12-"abi ben de oynayabilir miyim? bak geçen hafta da oynamadım!" gibi yalvaran ve acınan modlara giren insanlara karşı hayır kelimesini zamanında kullanmasını bilmesi gereken gencin herkesi mutlu etmeye çalışırken karşılaştığı durum...

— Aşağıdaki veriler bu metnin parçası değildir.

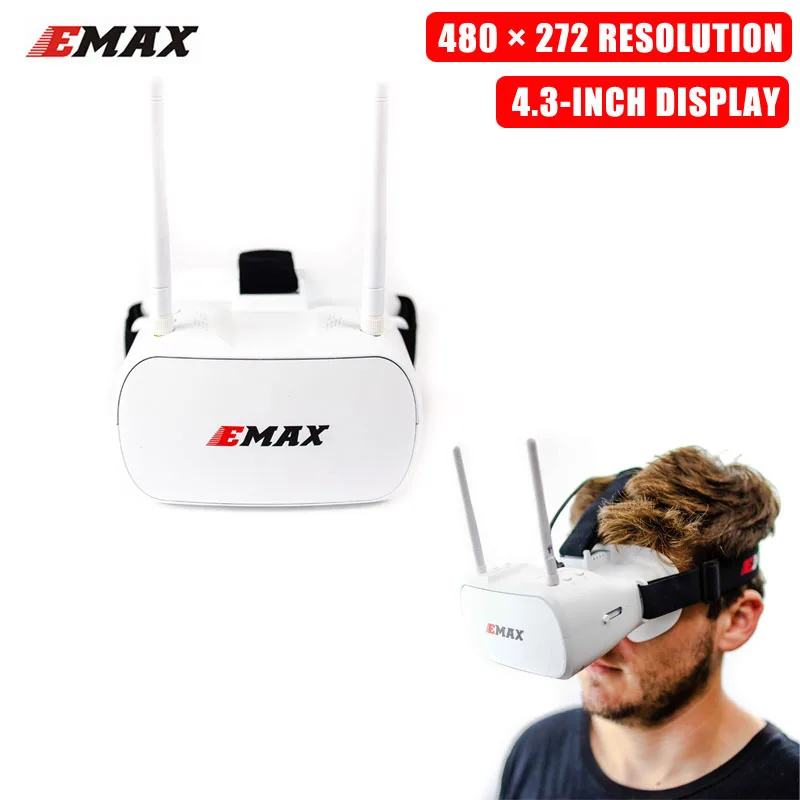 Emax Tinyhawk 5,8G 48CH разнообразие FPV очки 4,3 дюймов 480*320 видео гарнитура с двойные антенны 4,2 в 1800 мАч батарея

13-sadece sahayı ve oyuncuları ayarlamakla bitmeyen dram. halı sahayı ve oyuncuları ayarlamakla yükümlü gencimiz, herkesin maç saatinden önce orada olmasını sağlamayı ve maç bitiminde saha parasını eksiksiz toplamayı da üstlenmiş sayılır. hatta, maç esnasında çıkabilecek bir tartışma sebebiyle "ya nereden çağırdın bu adamı? maçın içine etti" tarzı ithamlara karşı kendini savunmak zorundadır. dolayısıyla, maç öncesi, maç esnası ve maç sonrası yükümlülükleri barındıran bu sorumluluk; stres kaldıramayan bünyelerde büyük gerginliğe sebep olurken, stres kaldırabilen bünyelerde, geleceğin profesyonel organizatörlerinden biri olmaya atılan ilk tohumlardır. şayet ahmet san, gençliğinde halı saha organizasyonları yapmışsa, "bu hale" gelmesinde o zamanki amatör çabalarının etkisi olduğunu düşünmek garip değildir.

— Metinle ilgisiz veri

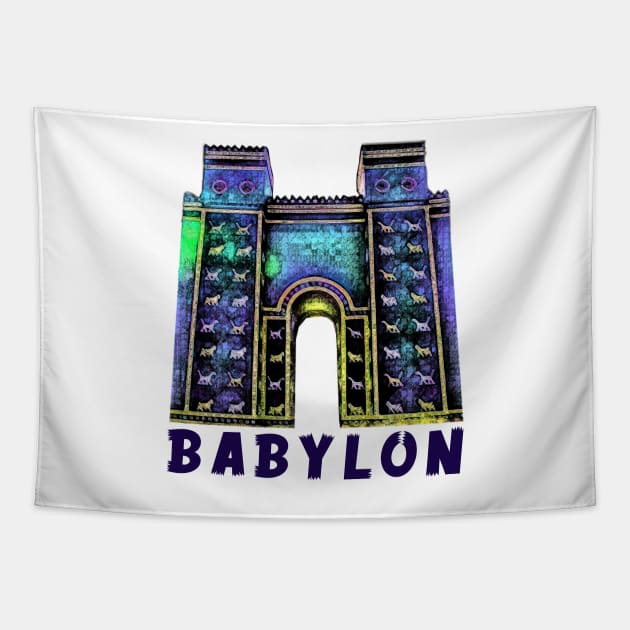 Ishtar Gate in Babylon Tapestry by Bx11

14-saha içinde herkesi mutlu etmek ve maçtan sonra "sağ olun beyler" demek gibi bir misyonu da vardır. olası kavgaların ilk ayırıcıs ve maç sonu yenillecek baklavanın da paket açıcıcısı hep o lur. sonradan olunacak bir şey değildir, zira insan doğuştan halı saha organizatörü olmak zorundadır.
15-yaşattığı hisler bakımından köyden ailesiyle istanbula gelen emrah'ın dramına oldukça yakındır.

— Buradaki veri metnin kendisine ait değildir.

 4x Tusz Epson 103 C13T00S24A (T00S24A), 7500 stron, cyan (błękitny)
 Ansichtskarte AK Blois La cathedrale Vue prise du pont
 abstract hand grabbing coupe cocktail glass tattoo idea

16-bir de organizatör gencin sürekli yalan söylediği durumdur.adamın psikolojisini bozar.misal kimse gelmez ama gelmeyen arkadaşlar çağrılan arkadaşa söylenmez.
-kimler var oğlum kaç kişiyiz? geçenki gibi olmasın bak!
+yok oğlum herkes geliyo.ahmet de gelirim dedi,mahmut da...
-oğlum bak geçen de böyle dedin kaldık japon kaleye eminsin di mi? 14 kişiyiz.
+ehm...eee belki ahmet gelmez ama ben adam bulurum.
17-karma maç yapılacagı zaman ise takımları kurmakla ve dengeleri eşit tutmakla yükümlü olan gencin dramdır,takımlar eşit olmazsa veya eşit oldugu halde bir takım fark yerse dramımızın başrolündeki genç mutlak suretle "abi sikerim ya böyle takım mı olur bize kaleci ayrlamadın" ve türevi laflarla karşı karşıya kalacaktır.
18-karşı takım kentin daha gözde bir okuluysa bir yığın taraftarla gelir. bu ordunun halısaha kapılarına dayanacağını bilen zavallı genç oyuncular yetmiyormuş gibi bir de taraftar toplamaya çalışır.
19-bunlar genellikle takımı toparlayan, maç sonrasi millete cay yahut karpuz gibi seyler ismarlayan,mac icinde hadi abicim basarak biraz falan gibi laflar eden ağır abilerdir.gereklidirler.olmazsa olmazdırlar.
20-yeterince karizma sahibi iseniz -bu aksam top oynuyoruz- dediniz mi üstesinden kolaylikla gelebileceginiz durum.